**Task instructions**
Omit the pictures and return exactly the stretch of the material below from the line with "Plato de ducha" through the line with "Drew Women Basic".

**Input data**
————
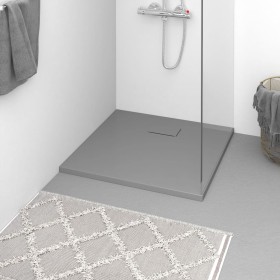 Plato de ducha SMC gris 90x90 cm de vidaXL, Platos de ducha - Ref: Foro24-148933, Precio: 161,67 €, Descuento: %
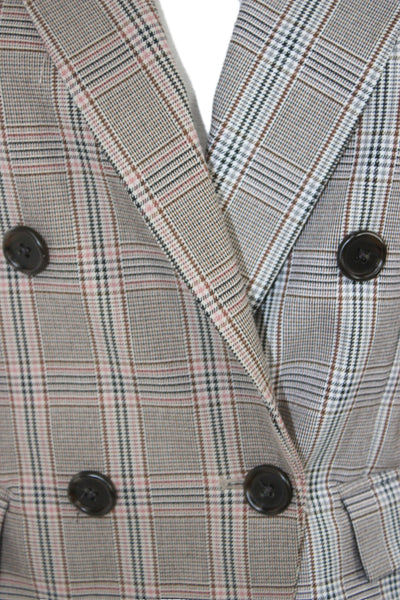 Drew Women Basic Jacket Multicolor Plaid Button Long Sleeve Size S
————
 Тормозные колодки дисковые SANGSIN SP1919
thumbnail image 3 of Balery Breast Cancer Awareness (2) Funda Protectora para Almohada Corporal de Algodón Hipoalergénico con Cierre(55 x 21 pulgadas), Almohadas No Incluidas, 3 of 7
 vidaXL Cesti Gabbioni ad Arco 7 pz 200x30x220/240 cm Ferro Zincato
————
**Task answer**
 Plato de ducha SMC gris 90x90 cm de vidaXL, Platos de ducha - Ref: Foro24-148933, Precio: 161,67 €, Descuento: %
 Drew Women Basic Jacket Multicolor Plaid Button Long Sleeve Size S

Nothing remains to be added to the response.